Leaving out every picture, copy the lines of the data exactly, from the first through the line containing "thumbnail image 3".
Records to use Block Start
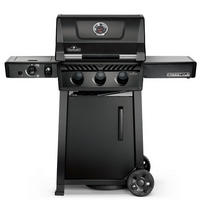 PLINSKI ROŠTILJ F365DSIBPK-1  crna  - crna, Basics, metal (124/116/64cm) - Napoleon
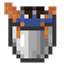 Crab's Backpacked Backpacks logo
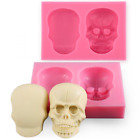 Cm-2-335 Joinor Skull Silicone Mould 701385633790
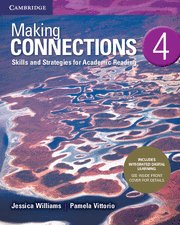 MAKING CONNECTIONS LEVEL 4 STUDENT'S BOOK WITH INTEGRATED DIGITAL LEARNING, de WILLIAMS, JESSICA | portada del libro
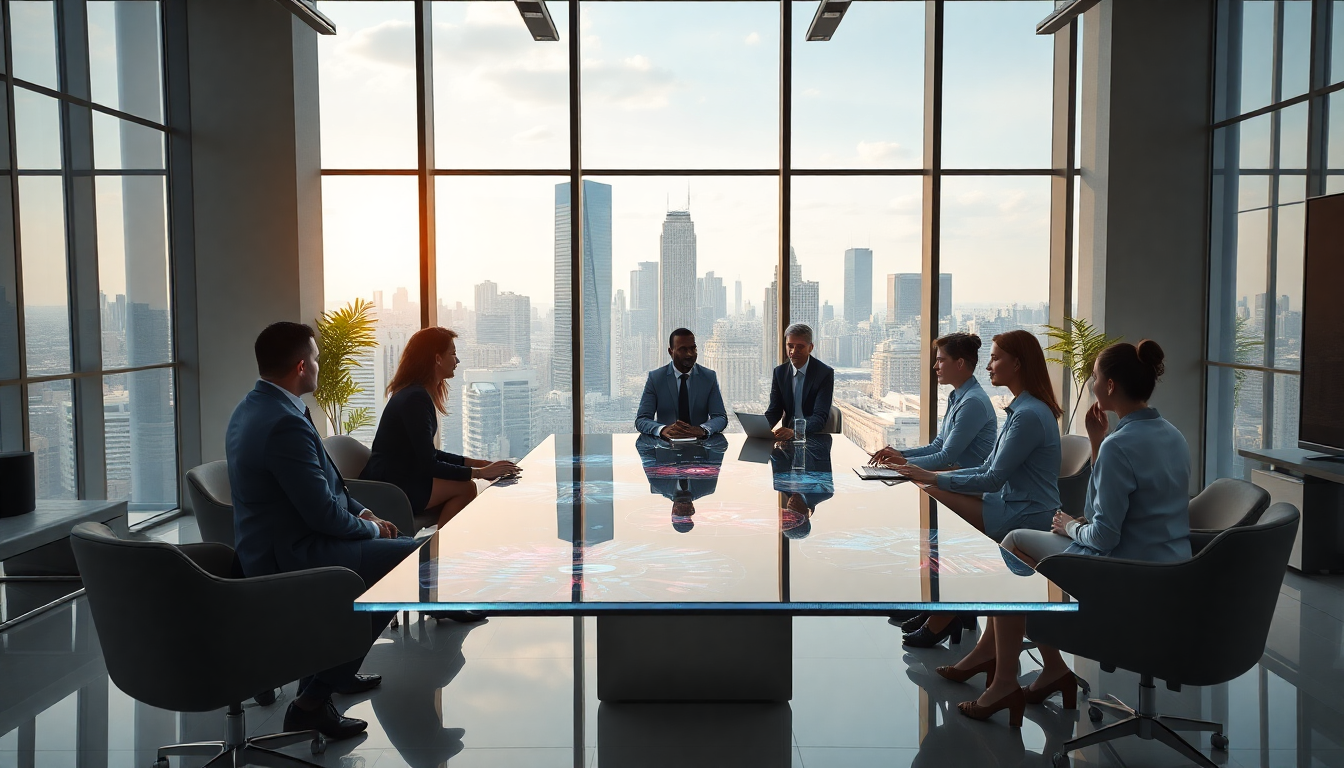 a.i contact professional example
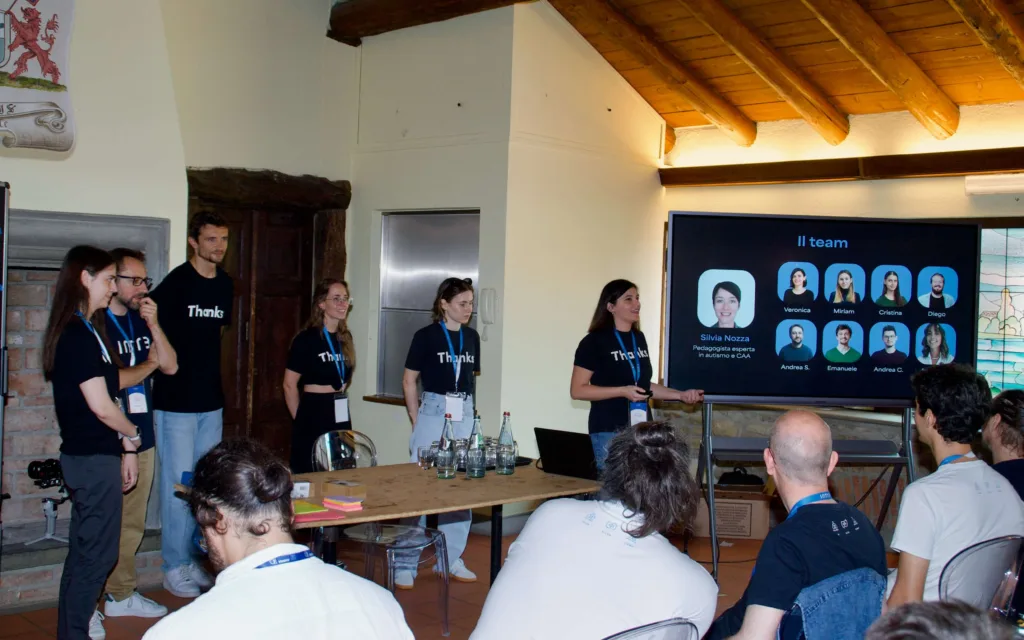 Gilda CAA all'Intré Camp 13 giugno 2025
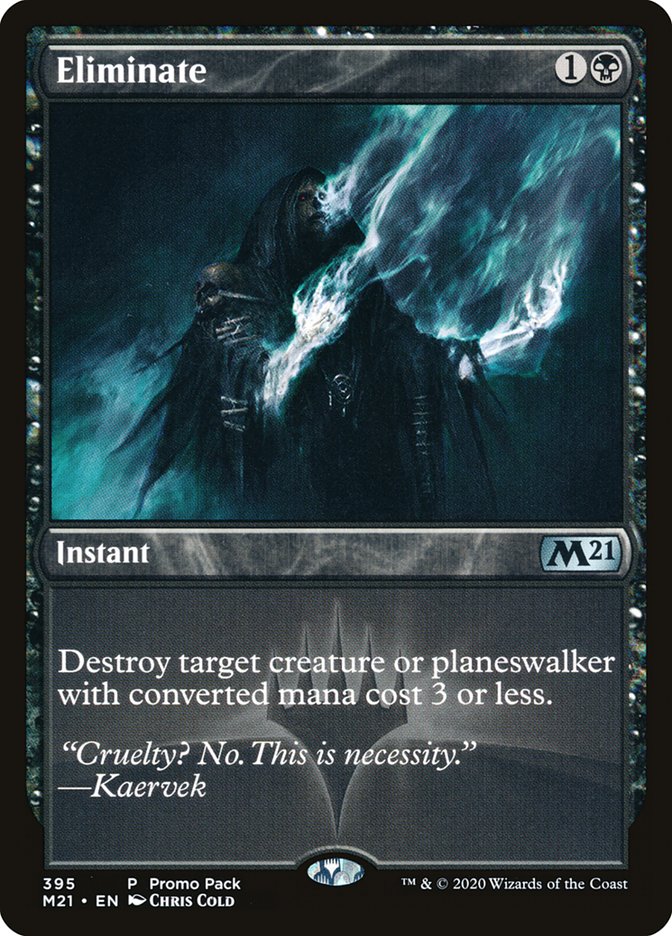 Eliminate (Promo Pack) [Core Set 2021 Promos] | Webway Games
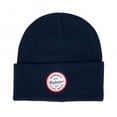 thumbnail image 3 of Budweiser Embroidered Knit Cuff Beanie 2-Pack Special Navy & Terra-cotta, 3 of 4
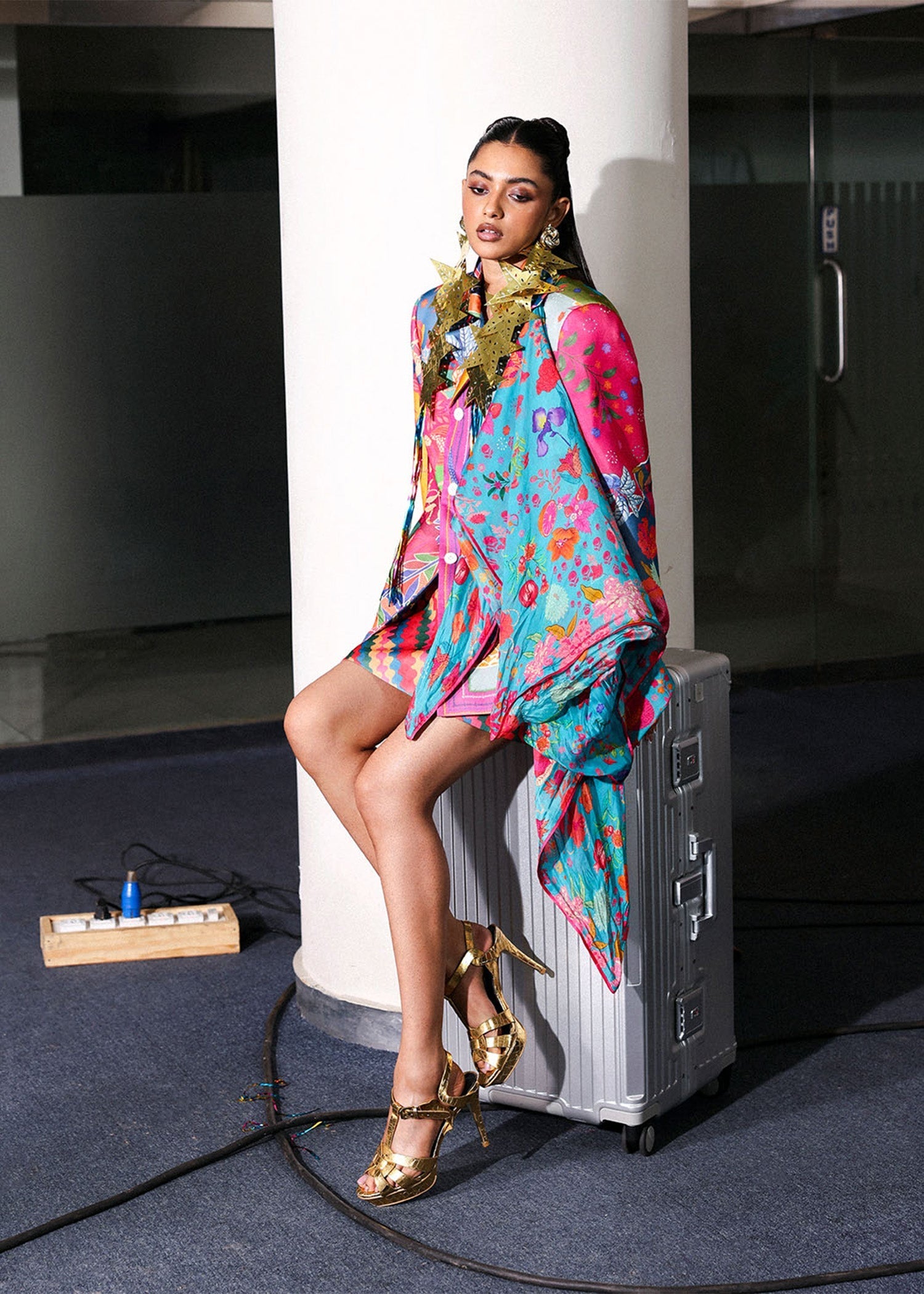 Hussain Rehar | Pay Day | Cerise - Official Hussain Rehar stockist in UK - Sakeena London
Records to use Block End
## Finished exercise
 PLINSKI ROŠTILJ F365DSIBPK-1  crna  - crna, Basics, metal (124/116/64cm) - Napoleon
 Crab's Backpacked Backpacks logo
 Cm-2-335 Joinor Skull Silicone Mould 701385633790
 MAKING CONNECTIONS LEVEL 4 STUDENT'S BOOK WITH INTEGRATED DIGITAL LEARNING, de WILLIAMS, JESSICA | portada del libro
 a.i contact professional example
 Gilda CAA all'Intré Camp 13 giugno 2025
 Eliminate (Promo Pack) [Core Set 2021 Promos] | Webway Games
 thumbnail image 3 of Budweiser Embroidered Knit Cuff Beanie 2-Pack Special Navy & Terra-cotta, 3 of 4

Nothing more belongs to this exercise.